In short, SharePoint forms give you structured inputs that feed lists and libraries, connect to automation, and scale from quick surveys to robust business processes.
Options for Creating Forms in SharePoint
In this section we’ll walk through every practical way to build forms in SharePoint: the built-in list/library forms, Microsoft Forms embedded on a page, Power Apps for custom experiences, and third-party designers. For each option you’ll see what it’s best for, how to get started, and trade-offs to keep in mind.
Basic SharePoint forms
Every SharePoint list and document library comes with ready-made forms. For lists, you get New, Edit, and Display forms. For libraries, you fill out a properties form when you upload or edit a file. These forms save directly to SharePoint—no connectors or extra services required. If you’re using Microsoft Lists, there’s also a Lists form experience that lets you share a clean form view for the same list.
What they’re good for.
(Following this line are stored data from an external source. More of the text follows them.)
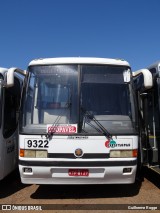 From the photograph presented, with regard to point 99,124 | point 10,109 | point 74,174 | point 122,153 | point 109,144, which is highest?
point 10,109

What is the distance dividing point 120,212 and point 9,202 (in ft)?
7.61

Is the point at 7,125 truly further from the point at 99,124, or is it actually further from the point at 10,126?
the point at 99,124

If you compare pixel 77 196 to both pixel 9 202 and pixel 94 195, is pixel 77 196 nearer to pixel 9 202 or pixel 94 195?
pixel 94 195

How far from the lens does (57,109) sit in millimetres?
6121

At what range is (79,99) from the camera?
6.10m

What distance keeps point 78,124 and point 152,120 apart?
239 centimetres

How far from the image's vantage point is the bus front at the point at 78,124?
5.82 metres

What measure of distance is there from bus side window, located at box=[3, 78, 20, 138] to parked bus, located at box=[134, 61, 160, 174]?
3370 millimetres

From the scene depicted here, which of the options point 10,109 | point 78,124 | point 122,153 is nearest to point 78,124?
point 78,124

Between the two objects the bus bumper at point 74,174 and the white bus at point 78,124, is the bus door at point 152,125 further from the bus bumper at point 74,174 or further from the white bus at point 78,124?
the bus bumper at point 74,174

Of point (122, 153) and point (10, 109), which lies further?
point (10, 109)

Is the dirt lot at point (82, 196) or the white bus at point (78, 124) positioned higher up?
the white bus at point (78, 124)

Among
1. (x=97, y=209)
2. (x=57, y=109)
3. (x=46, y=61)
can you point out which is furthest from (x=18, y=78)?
(x=97, y=209)

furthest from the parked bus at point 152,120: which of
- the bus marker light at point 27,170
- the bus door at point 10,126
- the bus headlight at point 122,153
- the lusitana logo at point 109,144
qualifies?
the bus door at point 10,126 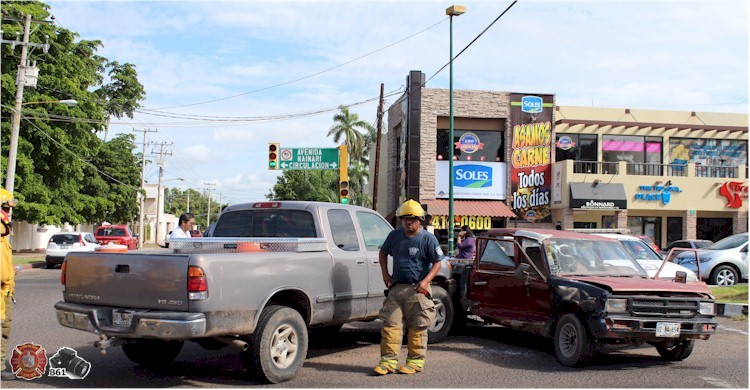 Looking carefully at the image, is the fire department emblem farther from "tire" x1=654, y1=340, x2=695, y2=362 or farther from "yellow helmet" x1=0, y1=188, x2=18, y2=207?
"tire" x1=654, y1=340, x2=695, y2=362

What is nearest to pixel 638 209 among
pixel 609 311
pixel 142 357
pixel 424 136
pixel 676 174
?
pixel 676 174

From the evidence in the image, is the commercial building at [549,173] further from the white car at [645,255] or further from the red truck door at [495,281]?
the red truck door at [495,281]

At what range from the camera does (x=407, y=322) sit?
7.55m

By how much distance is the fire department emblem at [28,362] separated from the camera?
273 inches

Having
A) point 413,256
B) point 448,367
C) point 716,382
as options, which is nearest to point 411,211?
point 413,256

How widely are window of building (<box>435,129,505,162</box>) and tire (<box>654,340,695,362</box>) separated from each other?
2457cm

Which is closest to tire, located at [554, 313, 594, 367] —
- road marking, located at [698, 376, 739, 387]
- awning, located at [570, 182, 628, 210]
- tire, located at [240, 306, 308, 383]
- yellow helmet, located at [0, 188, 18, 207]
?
road marking, located at [698, 376, 739, 387]

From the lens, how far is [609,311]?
24.8ft

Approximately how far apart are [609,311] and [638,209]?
1083 inches

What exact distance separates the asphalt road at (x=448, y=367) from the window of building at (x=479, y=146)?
22.8 meters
Quick intake scenarios, small teams, and any case where you just need structured data written straight into SharePoint with minimal setup.
👉What are some SharePoint forms examples? Examples include vacation or travel requests, IT support tickets with attachments, onboarding questionnaires, event registrations, employee feedback and pulse surveys, among others.
How do I create a fillable form in SharePoint?
In SharePoint, forms are based on lists. Create the list and its columns; SharePoint generates the form automatically.
Step-by-step for how to create a SharePoint form (standard list forms):
- Go to your SharePoint site → New → List.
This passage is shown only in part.